Raw data

········

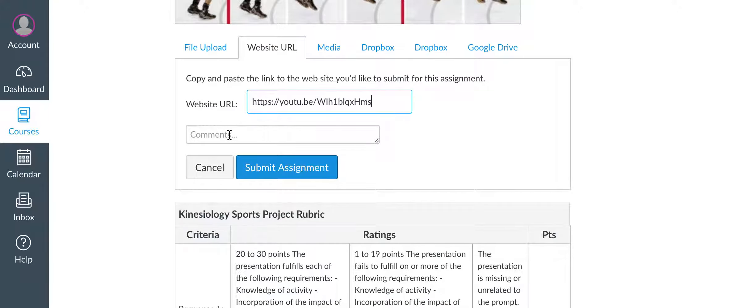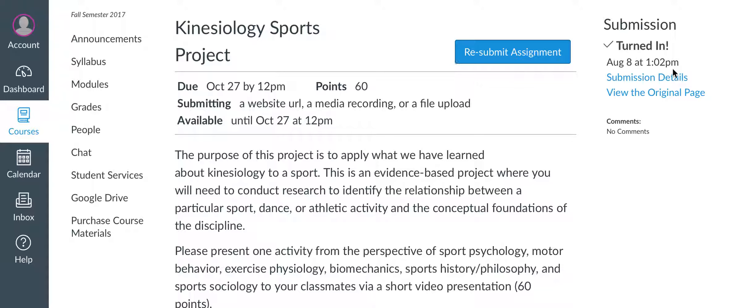Add any comments you'd like, and then click Submit Assignment. Once it's turned in, you'll get this message.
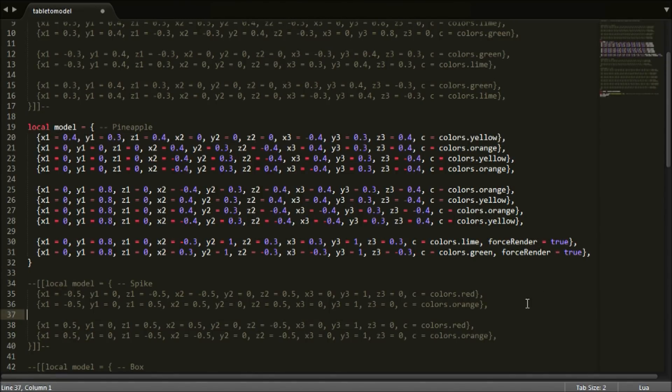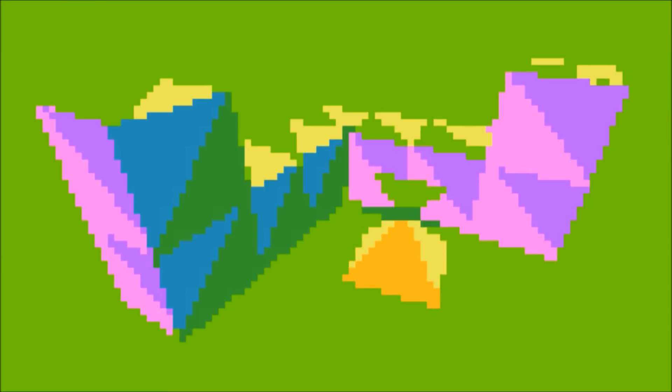If you want a face to be rendered regardless of the side it is being seen from, add force render equals true to the face.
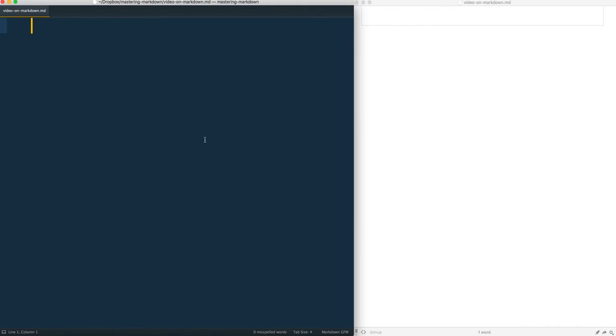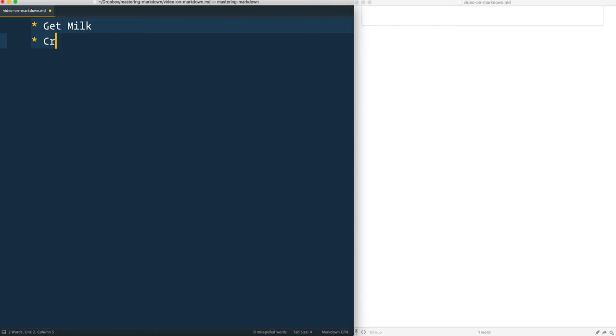Another thing like tables that is non-standard but pretty well supported is the ability to create checkboxes in markdown. So let's say I had a couple things to do like get milk, crack eggs, and cook bacon.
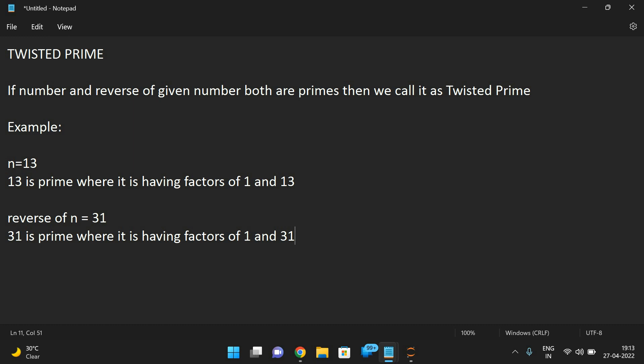We discussed how to find a prime in the previous session, but I'll repeat it here. We need to divide that number starting from 2, because dividing by 1 always gives a factor. So we divide the given number from 2 up to that number minus 1. If any factor appears, it is not a prime; if no factors appear, it is a prime. Please refer to the previous session if you need more details.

········

Set down all of the material above exactly as written, leaving the pictures out.

The answer
Add any comments you'd like, and then click Submit Assignment. Once it's turned in, you'll get this message.
If you want a face to be rendered regardless of the side it is being seen from, add force render equals true to the face.
Another thing like tables that is non-standard but pretty well supported is the ability to create checkboxes in markdown. So let's say I had a couple things to do like get milk, crack eggs, and cook bacon.
We discussed how to find a prime in the previous session, but I'll repeat it here. We need to divide that number starting from 2, because dividing by 1 always gives a factor. So we divide the given number from 2 up to that number minus 1. If any factor appears, it is not a prime; if no factors appear, it is a prime. Please refer to the previous session if you need more details.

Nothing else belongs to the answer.